In senior living, one challenge is keeping employees past the 90- and 180-day mark. That also applies to salespeople. Primrose has developed a method Weldon dubbed “PEP” – person, environment and plan – to identify why an employee might succeed or fail in a role. She compared hiring a salesperson to filling an offensive position on a football team.
“Your ED is the head coach. What does their involvement look like? You’ve got to have operations aligned to ensure that ED is all-in and supporting sales,” she said. “Your regional is the quarterback coach. Are they competent to do that job?”
Primrose also assigns new employees a peer mentor within their first 30 days and organizes visits to other, more stable communities within their first 90 days.
Training is also a cornerstone of good sales, especially given how complex senior living and all its moving parts are.
“One thing we’re not talking a lot about is how the external world has changed with health care,” Motto said. “When you look at what our sales teams have to do to get the paperwork requirements of the state, the doctor’s office, tracking down the discharge planner, finding the discharge planner … All of that world has really turned upside down.”

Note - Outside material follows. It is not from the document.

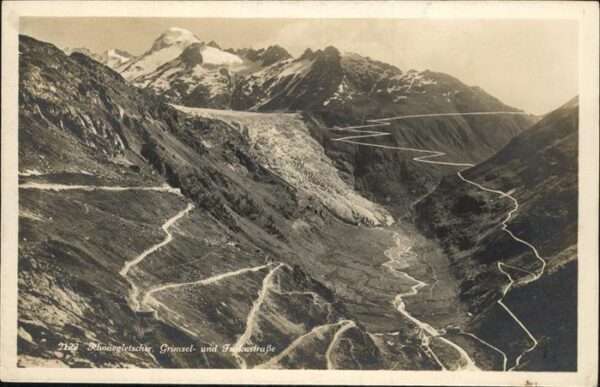 Rhonegletscher Glacier du Rhone Grimsel Fukastrasse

Most of Belmont Village’s turnover stems from the company “pulling the trigger on the wrong person” within the first 90 days if they are going to an underperforming community, Motto added.

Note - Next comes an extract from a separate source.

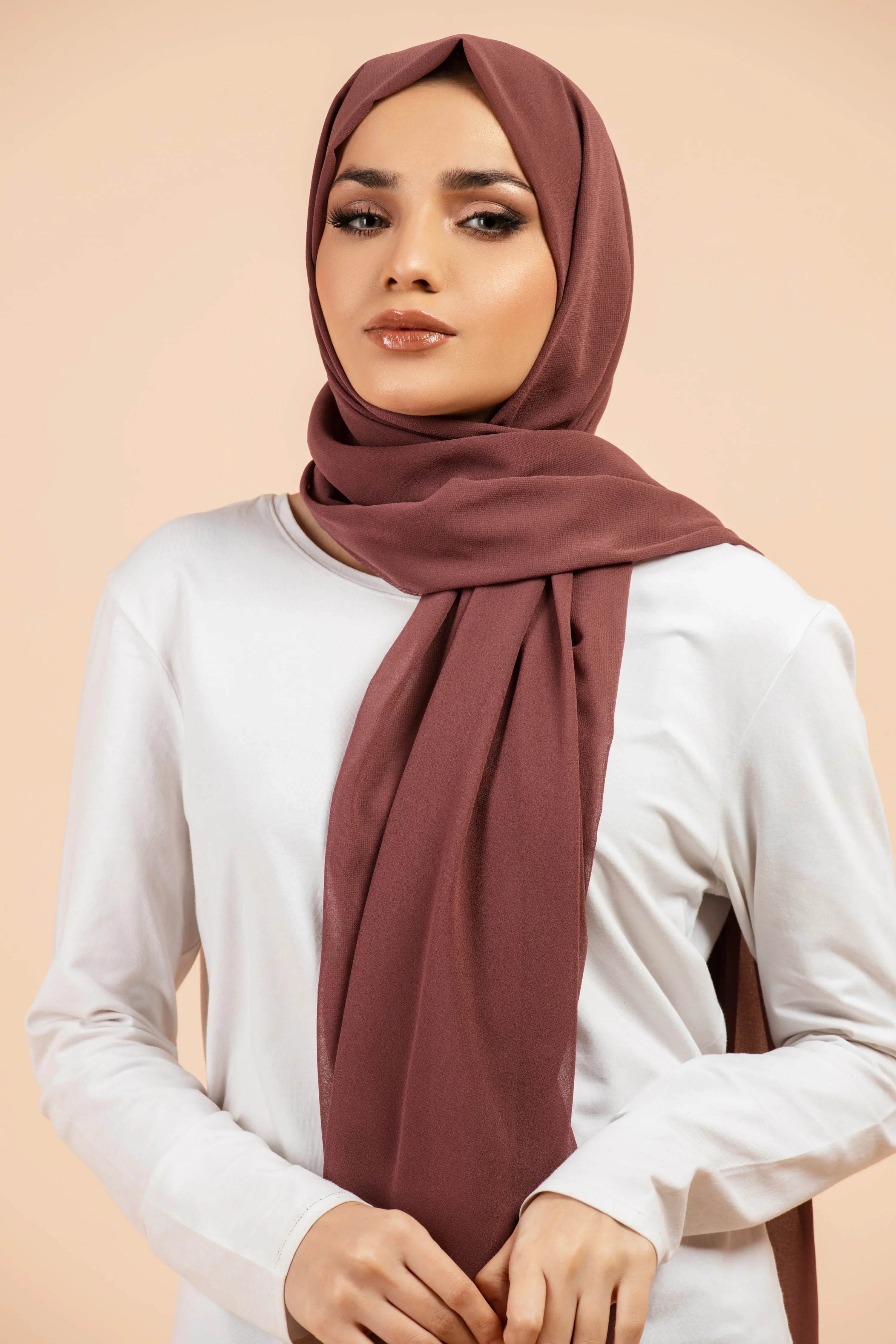 Premium Georgette - Sugarplum Georgette Hijab close-up of smooth georgette fabric texture.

Tucson, Arizona-based Watermark Retirement Communities has adopted a two-pronged approach to tackle onboarding, with recruits with industry experience to learn more about the company culture and sales process while those new to the industry meet with designated sales specialist teams to better understand the company’s offerings, Trombetta said.
Afterward, talent reviews are conducted regularly with all of Watermark’s sales staff, and even high performers receive development plans. The plan as a whole, Trombetta said, allows the company to always be developing its staff and helping with retention.
Changing sales pay
Alongside the training changes it has made, Watermark has shifted its pay model for sales teams to no longer have commission at most of its communities. According to Trombetta, the practice has been largely beneficial, as the base rate is now roughly the same as if a team member was performing well with commission.
“We trust they’re going to do the right thing,” she said. “We don’t want if they have a bad month for that to affect their paychecks.”
By doing so, it has also reduced the number of concessions being offered and made for prospective residents. Communities that do not have commissioned roles have been outperforming commissioned ones two-to-one, Trombetta said.
While Belmont Village still maintains commissions, a tool that has proven effective is employee contests as an incentive roughly every quarter on a team basis to promote alignment, such as “Shop ‘til you Drop” where winning staff members are rewarded a budget and time off to go shopping, Motto said.
Maintaining commission does create its share of problems, she noted, particularly when occupancy is performing well in a community and sales members feel they will be earning less.
To remedy this, Belmont Village is planning a “one size fits all approach” that is meant to address management team alignment with net operating income goals and providing “good monthly commissions” as communities continue to fill up, and everybody that influences the business is receiving a quarterly bonus based on NOI and occupancy.
In order to continue incentivizing employees, Primrose “amped up” its bonus plans in the first quarter of 2024, resulting in “the most intensive bonus plan” in place for sales leaders and executive directors, Weldon said. Smaller bonus plans have also been rolled out for property maintenance technicians and the director of nursing, which have also proven successful so far.